Demand for die-to-die and chip-to-chip interfaces has been growing steadily in the past few years due to new applications in cloud/data centers, AI (training and edge applications), and High-Performance Computing (HPC). The demand is driven by the requirements of high throughput, low latency and low power in these applications. Advances in packaging technology are further helping the adoption of heterogeneous systems with chiplets/known-good-die(KGD) assembly to create solutions that require the evolution of a new kind of interface popularly known as “Die-to-Die” interfaces.
Interface Types: Serial vs Parallel Approach
Driven by high-performance networking applications, SerDes has been the primary choice for connecting multiple chips and dies as switches and routers are at the forefront of the bandwidth requirements.

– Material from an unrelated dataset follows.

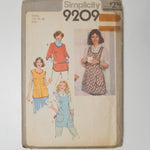 Simplicity 9209 Set of Aprons Sewing Pattern - Size 10-12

For homogenous applications where multiple dies are on the same process nodes, USR/XSR SerDes are widely used to connect and scale the performance. However, this comes with a penalty of higher latency and power for each of the SerDes links as they are primarily PAM-4 based at 56G/112G speeds. The new trend is to connect dies using wider parallel IOs. These IOs are single-ended, similar to HBM and DDR memory technologies, and usually forward the clock to eliminate using power-hungry clock and data recovery circuits. With parallel IOs one can expect almost half the latency and power as compared to SerDes interfaces. There are many consortiums and standards working on parallel IOs such as OpenHBI, BoW, AIB, etc. OpenFive is a proponent of open interfaces and is actively involved in standardization efforts.